Governments around the world continue to reassess their tax structures to pursue more strategic objectives despite many having already made essential tax adjustments in response to a low oil price environment, EY says while launching its 2017 Global oil and gas tax guide.
The guide, which summarizes the oil and gas corporate tax regimes in 87 countries, highlights national tax structures and changes made over the last year.
“With relative market certainty and a lower-for-longer oil price consensus throughout the sector, attracting oil and gas investment is back on the agenda of several governments,” says Alexey Kondrashov, EY Global Oil & Gas Tax Leader. “To stay competitive, many countries are evaluating new tax concepts rather than just reducing rates.”
Tax systems in Canada and Mexico are among the most recent to undergo additional changes.
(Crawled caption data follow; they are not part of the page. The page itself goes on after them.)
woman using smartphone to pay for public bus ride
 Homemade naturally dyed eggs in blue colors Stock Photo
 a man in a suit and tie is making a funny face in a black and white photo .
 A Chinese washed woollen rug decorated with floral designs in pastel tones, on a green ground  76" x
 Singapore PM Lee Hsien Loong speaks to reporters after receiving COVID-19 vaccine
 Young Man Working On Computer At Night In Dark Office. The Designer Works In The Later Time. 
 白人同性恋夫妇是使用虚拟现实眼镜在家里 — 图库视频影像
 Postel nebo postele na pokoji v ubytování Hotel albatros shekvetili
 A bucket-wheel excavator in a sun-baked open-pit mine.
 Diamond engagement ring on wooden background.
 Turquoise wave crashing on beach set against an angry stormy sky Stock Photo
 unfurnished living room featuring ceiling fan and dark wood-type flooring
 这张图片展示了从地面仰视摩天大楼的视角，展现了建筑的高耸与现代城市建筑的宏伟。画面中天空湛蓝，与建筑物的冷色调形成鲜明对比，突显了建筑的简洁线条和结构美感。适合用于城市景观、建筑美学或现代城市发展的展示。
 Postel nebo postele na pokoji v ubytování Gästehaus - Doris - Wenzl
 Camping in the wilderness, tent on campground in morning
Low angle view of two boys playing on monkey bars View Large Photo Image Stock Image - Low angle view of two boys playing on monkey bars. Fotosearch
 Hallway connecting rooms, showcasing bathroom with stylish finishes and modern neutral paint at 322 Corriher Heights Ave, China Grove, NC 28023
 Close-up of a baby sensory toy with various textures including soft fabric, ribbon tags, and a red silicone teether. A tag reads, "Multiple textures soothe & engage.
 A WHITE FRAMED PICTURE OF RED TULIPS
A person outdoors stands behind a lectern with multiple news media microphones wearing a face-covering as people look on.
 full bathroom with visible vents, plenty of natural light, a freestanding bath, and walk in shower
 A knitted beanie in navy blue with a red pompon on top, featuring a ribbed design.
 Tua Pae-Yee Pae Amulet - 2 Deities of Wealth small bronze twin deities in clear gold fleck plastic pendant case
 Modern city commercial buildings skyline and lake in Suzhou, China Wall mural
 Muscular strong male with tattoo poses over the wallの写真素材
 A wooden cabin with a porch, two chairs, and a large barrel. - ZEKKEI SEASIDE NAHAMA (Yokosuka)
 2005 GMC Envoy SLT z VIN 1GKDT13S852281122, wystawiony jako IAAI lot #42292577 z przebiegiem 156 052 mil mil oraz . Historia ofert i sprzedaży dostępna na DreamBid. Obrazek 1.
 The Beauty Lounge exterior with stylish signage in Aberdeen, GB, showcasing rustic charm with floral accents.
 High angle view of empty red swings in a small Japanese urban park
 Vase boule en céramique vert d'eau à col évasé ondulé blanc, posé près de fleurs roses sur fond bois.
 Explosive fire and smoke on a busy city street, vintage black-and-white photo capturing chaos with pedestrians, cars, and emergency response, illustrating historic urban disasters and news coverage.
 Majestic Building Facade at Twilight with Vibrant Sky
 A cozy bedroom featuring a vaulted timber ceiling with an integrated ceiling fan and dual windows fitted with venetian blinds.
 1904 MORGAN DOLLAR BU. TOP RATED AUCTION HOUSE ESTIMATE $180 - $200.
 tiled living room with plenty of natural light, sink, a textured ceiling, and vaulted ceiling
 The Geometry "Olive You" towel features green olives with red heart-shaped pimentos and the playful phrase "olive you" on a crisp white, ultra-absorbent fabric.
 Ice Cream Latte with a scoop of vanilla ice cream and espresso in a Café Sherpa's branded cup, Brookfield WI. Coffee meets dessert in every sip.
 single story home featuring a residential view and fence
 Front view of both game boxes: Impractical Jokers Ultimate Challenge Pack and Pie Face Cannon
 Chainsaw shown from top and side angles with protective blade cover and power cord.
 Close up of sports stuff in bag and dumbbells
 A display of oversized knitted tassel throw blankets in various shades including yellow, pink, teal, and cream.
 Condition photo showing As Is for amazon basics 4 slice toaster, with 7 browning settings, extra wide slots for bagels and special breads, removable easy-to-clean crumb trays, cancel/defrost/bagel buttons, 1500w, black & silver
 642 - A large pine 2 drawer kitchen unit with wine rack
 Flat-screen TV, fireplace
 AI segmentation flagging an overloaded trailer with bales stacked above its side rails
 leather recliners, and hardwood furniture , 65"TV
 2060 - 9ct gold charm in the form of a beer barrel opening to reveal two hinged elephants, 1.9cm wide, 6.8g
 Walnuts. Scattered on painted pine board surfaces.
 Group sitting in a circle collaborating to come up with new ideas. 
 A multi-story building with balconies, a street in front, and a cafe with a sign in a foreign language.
In Canada, oil and gas royalties in Alberta have been reviewed.
In Mexico, the Government has addressed feedback from companies bidding for oil and gas blocks as part of their ongoing energy reform and made modifications to the fiscal and economic terms of license and production sharing contracts to enhance attractiveness.
Meanwhile, Saudi Arabia has issued a Royal Decree to reduce the corporate income tax rate from 85% to 50% for upstream oil and hydrocarbon producing companies, which could set a new benchmark for attracting foreign investors that, for many countries, may not be easy to meet.
Major resource-rich countries in the Middle East and Asia-Pacific are pursuing a similar agenda.
Kondrashov says: “Tax-take remains one of the top considerations for oil and gas investors. Governments of oil- and gas-producing countries must monitor tax structures and revise them accordingly in an era of lower commodity prices and volatility, particularly as some major producing countries have made important adjustments to attract capital.
"Maintaining investment and interest in oil and gas projects in any country requires a clear fiscal policy and a tax regime that provides competitive returns to investors."